[Brief descriptive captions]
● ● ● ● ●
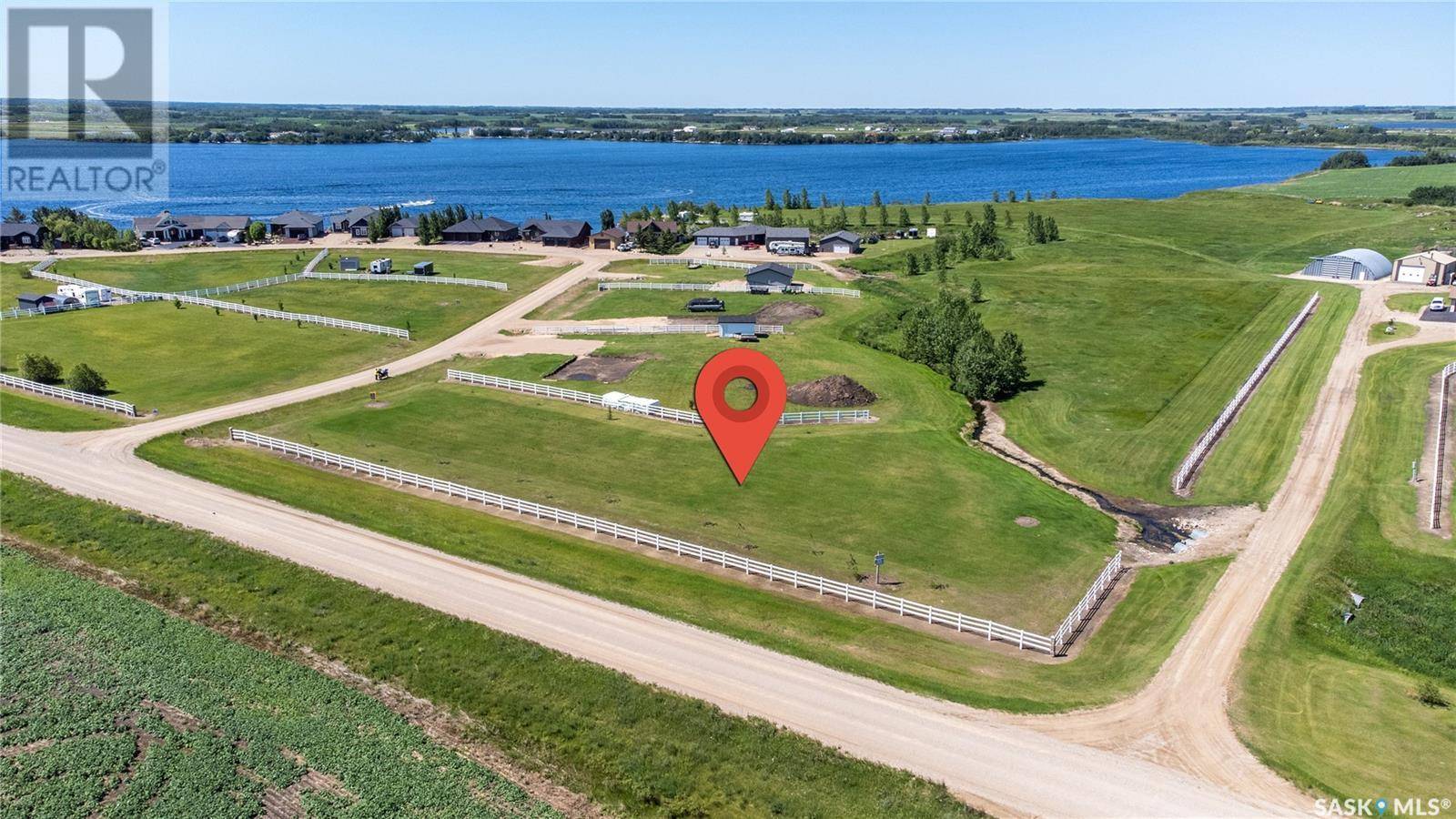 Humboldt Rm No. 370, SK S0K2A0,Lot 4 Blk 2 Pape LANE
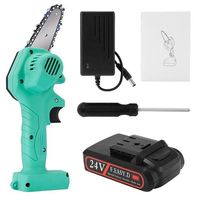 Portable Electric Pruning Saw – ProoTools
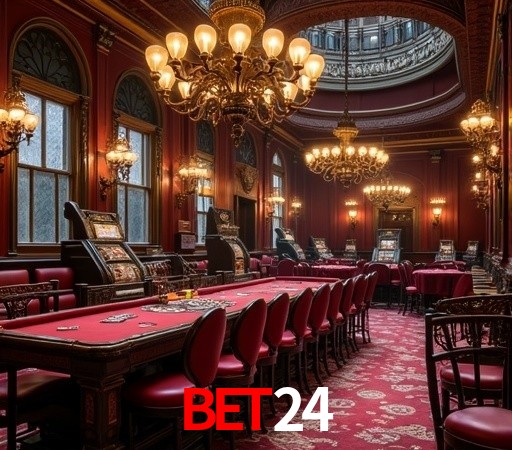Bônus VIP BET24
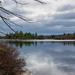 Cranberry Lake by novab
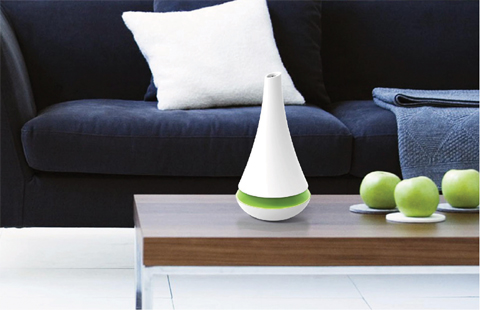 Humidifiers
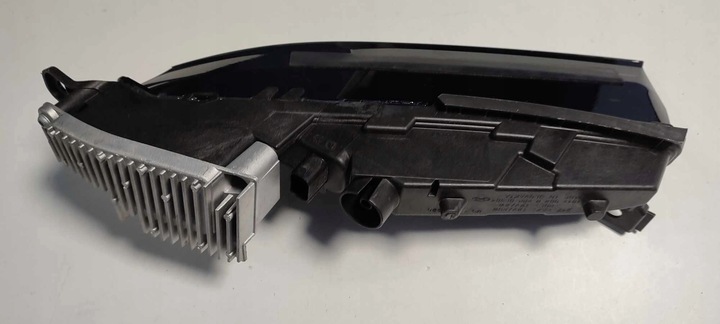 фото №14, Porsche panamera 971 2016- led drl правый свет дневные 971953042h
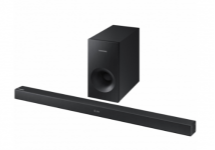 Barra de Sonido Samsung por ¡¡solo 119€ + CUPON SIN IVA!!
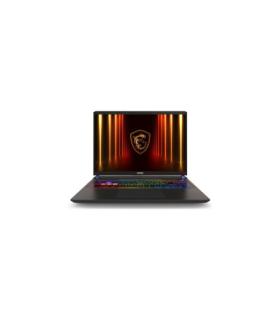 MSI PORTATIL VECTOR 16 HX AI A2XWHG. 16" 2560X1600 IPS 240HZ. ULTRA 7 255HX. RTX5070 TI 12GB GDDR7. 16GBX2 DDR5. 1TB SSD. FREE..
● ● ● ● ●
**Problem description**
Find the line that contains "Bônus VIP BET24". Reproduce it and every later line of the records exactly, minus the pictures.

**Written answer**
Bônus VIP BET24
 Cranberry Lake by novab
 Humidifiers
 фото №14, Porsche panamera 971 2016- led drl правый свет дневные 971953042h
 Barra de Sonido Samsung por ¡¡solo 119€ + CUPON SIN IVA!!
 MSI PORTATIL VECTOR 16 HX AI A2XWHG. 16" 2560X1600 IPS 240HZ. ULTRA 7 255HX. RTX5070 TI 12GB GDDR7. 16GBX2 DDR5. 1TB SSD. FREE..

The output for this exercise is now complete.